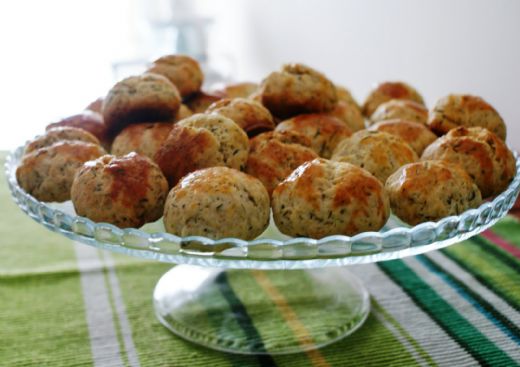 Naneli Poğaça Tarifi ve Malzemeleri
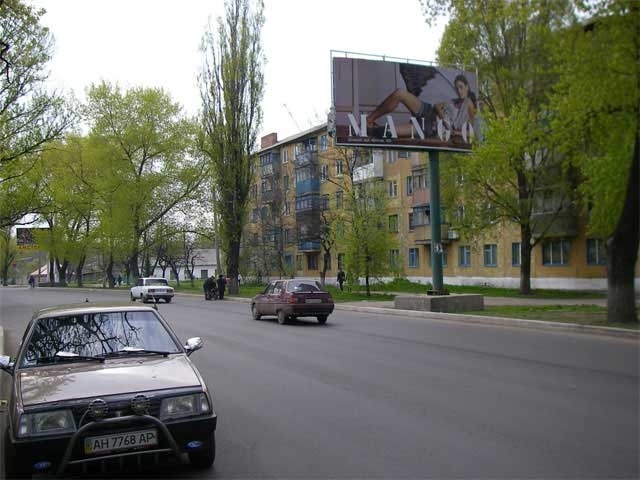 Щит 6x3,  Ул. Петровского, супермаркетАТБ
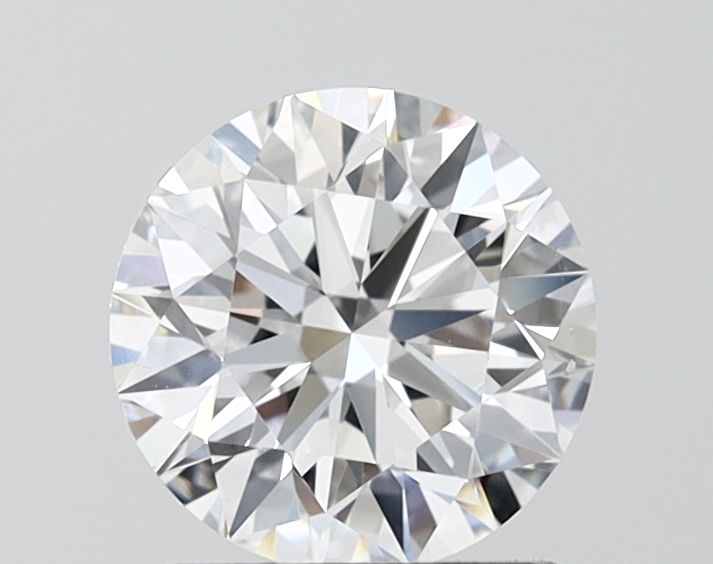1.38 ct. round Lab Grown Diamond front image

☆ ☆ ☆ ☆

Print all of the material exactly. Omit pictures.

 Naneli Poğaça Tarifi ve Malzemeleri
 Щит 6x3,  Ул. Петровского, супермаркетАТБ
1.38 ct. round Lab Grown Diamond front image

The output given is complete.